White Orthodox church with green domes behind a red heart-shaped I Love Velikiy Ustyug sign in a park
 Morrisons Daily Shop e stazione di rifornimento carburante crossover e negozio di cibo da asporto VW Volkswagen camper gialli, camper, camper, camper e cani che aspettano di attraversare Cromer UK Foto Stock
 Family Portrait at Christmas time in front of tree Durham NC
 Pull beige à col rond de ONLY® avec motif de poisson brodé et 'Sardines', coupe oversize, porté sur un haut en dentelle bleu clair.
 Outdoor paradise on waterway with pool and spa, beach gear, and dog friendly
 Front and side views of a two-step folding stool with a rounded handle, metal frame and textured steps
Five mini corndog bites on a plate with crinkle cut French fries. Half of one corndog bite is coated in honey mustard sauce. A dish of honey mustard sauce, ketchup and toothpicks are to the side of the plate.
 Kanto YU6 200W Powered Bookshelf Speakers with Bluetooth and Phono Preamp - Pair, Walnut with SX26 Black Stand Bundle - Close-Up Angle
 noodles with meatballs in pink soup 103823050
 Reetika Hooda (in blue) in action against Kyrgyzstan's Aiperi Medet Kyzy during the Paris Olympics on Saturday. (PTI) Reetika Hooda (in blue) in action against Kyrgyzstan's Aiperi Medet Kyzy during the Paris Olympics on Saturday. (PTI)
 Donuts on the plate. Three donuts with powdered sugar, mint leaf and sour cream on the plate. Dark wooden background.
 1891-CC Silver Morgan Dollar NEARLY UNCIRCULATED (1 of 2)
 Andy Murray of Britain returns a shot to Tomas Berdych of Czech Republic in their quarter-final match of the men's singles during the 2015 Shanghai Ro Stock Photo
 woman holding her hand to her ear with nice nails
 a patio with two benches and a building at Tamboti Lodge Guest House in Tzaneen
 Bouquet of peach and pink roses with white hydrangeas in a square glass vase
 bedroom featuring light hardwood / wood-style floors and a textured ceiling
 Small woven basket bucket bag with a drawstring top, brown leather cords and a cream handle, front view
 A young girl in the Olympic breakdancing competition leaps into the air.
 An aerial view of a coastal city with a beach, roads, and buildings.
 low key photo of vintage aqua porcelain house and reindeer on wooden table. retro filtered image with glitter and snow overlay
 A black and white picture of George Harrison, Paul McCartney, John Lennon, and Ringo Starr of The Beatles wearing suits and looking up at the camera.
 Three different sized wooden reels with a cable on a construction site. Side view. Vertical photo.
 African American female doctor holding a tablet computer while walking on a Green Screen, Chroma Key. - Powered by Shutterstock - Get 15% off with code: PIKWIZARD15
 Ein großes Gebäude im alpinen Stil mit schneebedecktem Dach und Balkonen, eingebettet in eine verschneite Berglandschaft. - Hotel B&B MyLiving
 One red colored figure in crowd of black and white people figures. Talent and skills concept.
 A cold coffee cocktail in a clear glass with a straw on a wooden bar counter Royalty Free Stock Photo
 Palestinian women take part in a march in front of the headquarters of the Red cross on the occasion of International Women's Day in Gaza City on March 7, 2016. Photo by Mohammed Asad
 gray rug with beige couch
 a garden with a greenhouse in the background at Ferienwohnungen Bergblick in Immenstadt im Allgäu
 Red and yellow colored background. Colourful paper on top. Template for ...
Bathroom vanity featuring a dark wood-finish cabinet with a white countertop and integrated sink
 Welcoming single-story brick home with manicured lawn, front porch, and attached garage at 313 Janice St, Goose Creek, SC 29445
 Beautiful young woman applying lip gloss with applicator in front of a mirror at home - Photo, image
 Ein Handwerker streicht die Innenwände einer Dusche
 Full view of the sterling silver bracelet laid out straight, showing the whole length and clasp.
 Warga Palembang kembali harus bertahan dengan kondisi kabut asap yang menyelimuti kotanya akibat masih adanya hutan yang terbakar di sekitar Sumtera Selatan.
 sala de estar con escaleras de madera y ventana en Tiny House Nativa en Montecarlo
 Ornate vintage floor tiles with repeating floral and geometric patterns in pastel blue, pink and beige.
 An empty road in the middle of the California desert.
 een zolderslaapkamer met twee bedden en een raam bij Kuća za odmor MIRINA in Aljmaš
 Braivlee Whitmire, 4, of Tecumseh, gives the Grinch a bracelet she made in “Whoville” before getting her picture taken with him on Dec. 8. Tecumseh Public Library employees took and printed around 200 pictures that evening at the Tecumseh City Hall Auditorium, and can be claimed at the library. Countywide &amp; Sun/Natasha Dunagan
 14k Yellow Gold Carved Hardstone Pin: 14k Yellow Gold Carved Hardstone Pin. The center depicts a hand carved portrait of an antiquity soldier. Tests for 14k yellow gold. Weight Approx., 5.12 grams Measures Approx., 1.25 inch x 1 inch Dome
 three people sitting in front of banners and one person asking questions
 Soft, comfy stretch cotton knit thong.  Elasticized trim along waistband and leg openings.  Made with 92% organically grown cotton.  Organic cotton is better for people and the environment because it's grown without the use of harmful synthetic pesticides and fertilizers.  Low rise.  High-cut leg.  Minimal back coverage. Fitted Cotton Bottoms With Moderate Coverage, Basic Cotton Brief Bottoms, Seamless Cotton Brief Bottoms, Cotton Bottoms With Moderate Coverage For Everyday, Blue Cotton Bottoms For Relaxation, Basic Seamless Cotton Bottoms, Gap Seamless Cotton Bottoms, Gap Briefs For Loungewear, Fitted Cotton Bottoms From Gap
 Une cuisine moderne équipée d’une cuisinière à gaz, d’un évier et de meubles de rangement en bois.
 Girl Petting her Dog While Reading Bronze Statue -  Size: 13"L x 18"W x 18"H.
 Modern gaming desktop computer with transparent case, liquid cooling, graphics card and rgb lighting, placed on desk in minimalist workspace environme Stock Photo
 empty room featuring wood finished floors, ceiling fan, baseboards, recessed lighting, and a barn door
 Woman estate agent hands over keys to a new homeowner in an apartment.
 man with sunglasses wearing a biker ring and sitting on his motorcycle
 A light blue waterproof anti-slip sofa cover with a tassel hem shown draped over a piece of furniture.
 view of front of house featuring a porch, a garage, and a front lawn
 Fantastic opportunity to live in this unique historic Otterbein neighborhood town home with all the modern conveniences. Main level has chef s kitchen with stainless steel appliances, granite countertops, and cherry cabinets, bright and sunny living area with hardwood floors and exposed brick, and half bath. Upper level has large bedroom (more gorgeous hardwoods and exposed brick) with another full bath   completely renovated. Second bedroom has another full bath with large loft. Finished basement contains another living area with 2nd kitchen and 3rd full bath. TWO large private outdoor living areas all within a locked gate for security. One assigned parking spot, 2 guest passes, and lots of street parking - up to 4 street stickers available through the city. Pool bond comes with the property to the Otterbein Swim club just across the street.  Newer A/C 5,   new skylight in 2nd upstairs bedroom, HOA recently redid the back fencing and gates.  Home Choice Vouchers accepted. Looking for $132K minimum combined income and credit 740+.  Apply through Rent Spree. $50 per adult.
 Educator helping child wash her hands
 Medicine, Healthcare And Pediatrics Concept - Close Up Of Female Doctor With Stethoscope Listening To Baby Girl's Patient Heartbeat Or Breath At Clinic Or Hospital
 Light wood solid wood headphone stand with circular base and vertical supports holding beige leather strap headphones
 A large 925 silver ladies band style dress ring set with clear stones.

= = = =

#### Task goal
Reproduce each line above that contains "image".

#### Answer
 low key photo of vintage aqua porcelain house and reindeer on wooden table. retro filtered image with glitter and snow overlay
 Beautiful young woman applying lip gloss with applicator in front of a mirror at home - Photo, image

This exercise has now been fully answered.